The Best 14 Huntin Jokes

Following is our collection of funny Huntin jokes. There are some huntin tarnation jokes no one knows (to tell your friends) and to make you laugh out loud.

Take your time to read those puns and riddles where you ask a question with answers, or where the setup is the punchline. We hope you will find these huntin nothin puns funny enough to tell and make people laugh.

Top 10 of the Funniest Huntin Jokes and Puns

I like hunting with my vampire friends.

It's nice to crack open a boy with the cold ones.

Hunting gone wrong

Two hunters are out in the woods when one of them collapses. He's not breathing and his eyes are glazed. The other guy whips out his cell phone and calls 911.

I think my friend is dead! he yells. What can I do?

The operator says, Calm down. First, let's make sure he's dead.

There's a silence, then a shot. Back on the phone, the guy says, OK, now what?

I went hunting with my preacher.

We went hunting in the same spot together. A deer walked out and we both shot at the same time. Upon inspecting the deer, we couldn't find any bullet holes. I said "It must be yours preacher. The bullet was like your sermons. It went in one ear and out the other!"

Huntin joke, I went hunting with my preacher.

I went hunting today and caught a breast

I used a booby trap

Hunting Gone Horribly Wrong

Two hunters are out in the woods when one of them collapses. He's not breathing and his eyes are glazed. The other guy whips out his cell phone and calls 911.

I think my friend is dead! he yells. What can I do?

The operator says, Calm down. First, let's make sure he's dead.

There's a silence, then a shot. Back on the phone, the guy says, OK, now what?


This guy's out hunting with his buddy.

He's got his scope up and says, "Oh my God, I can see your house from here and your wife's cheating on you with another guy!"

His buddy says, "I've had it with her. Shoot her in the head and shoot him in the private parts."

And his buddy replies, "Cool I can hit that with one shot!"

Shazza walks into the kitchen and finds Bruce with a fly swatter.

"Waddaya doin?" She asked. 
"Huntin Flies" He responded. 
"Oh.

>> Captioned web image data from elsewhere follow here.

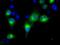 Retinol Dehydrogenase 11 antibody, NBP2-02431, Novus Biologicals, Immunofluorescence image 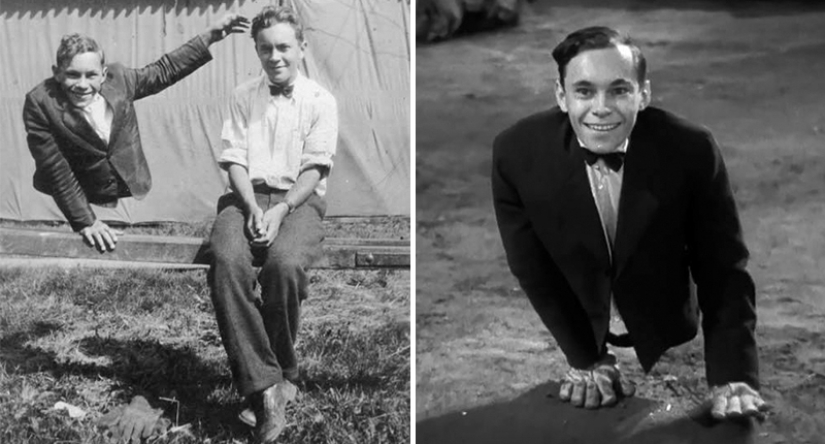 Johnny Eck, el "rey de los freaks" que nació con medio cuerpo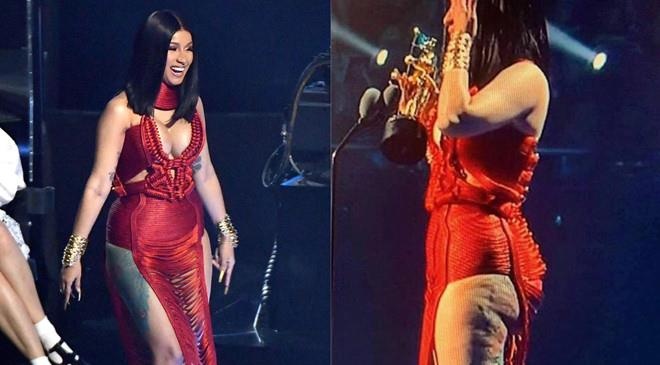 Doi chan Cardi B bi bien dang loi lom do phau thuat tham my hinh anh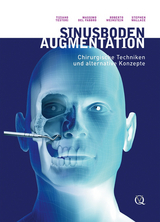 Sinusbodenaugmentation - Tiziano Testori, Massimo del Fabbro, Roberto Weinstein, Stephen Wallace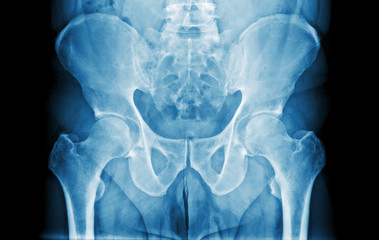 Abdomen X-Ray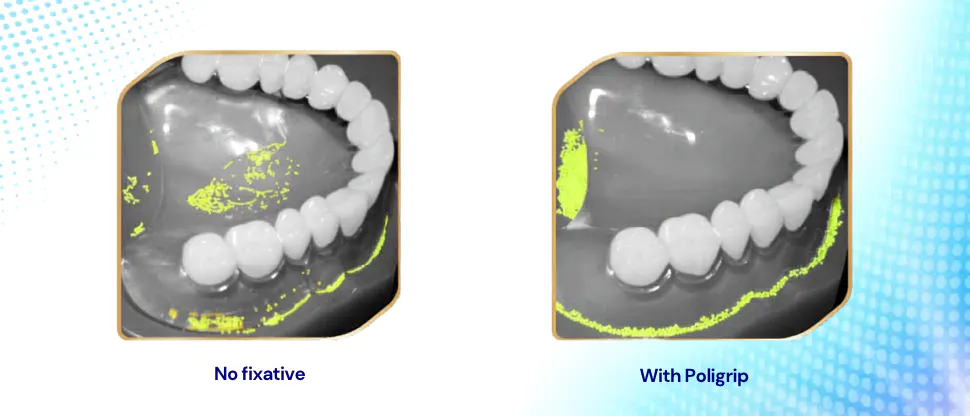 Food entrapment images with and without Poligrip fixative, showing that Poligrip helps to reduce food entrapment vs no fixative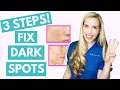 Fix Your Dark Spots in 3 Steps Hyperpigmentation Melasma Skincare Made Simple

Kill any?" She asked. 
"Yep, 3 blokes, 2 sheilas," he replied. 
Intrigued, she asked. "How'd ya know that?" 
He responded, "3 were on a beer can, 2 were on the phone."

Huntin joke, Shazza walks into the kitchen and finds Bruce with a fly swatter.

I went hunting with my dad and on the way there we saw a sign

It said "Bear Left" so we went home

We were on our way to go hunting, when we saw a sign that said Bear Left.

So we went home.

Why do women love Hunters the best as lovers?

1.

Hunters have the longest and most powerful rifles.

2. Hunters always....shoot twice.

3. Hunters love to...eat what they shoot!

Hunting cats would bring a disaster. Why?

Because there would be at least a cat as trophy.

You can explore huntin goin reddit one liners, including funnies and gags. Read them and you will understand what jokes are funny? Those of you who have teens can tell them clean huntin hunter dad jokes. There are also huntin puns for kids, 5 year olds, boys and girls.


I was hunting a deer making its mating sound

At least it got penetrated

Went hunting with Willie Nelson and we each got a turkey.

Now that's what I call killing 2 birds with one stoner.

An exhausted hunter out in the woods stumbled across another hunter.



Hunter 1: "Am I glad to see you, I've been lost for three days."

Hunter 2: "Don't get too excited, friend, I've been lost for three weeks."

Just think that there are jokes based on truth that can bring down governments, or jokes which make girl laugh. Many of the huntin killin jokes and puns are jokes supposed to be funny, but some can be offensive. When jokes go too far, are mean or racist, we try to silence them and it will be great if you give us feedback every time when a joke become bullying and inappropriate.

We suggest to use only working huntin jethro piadas for adults and blagues for friends. Some of the dirty witze and dark jokes are funny, but use them with caution in real life. Try to remember funny jokes you've never heard to tell your friends and will make you laugh.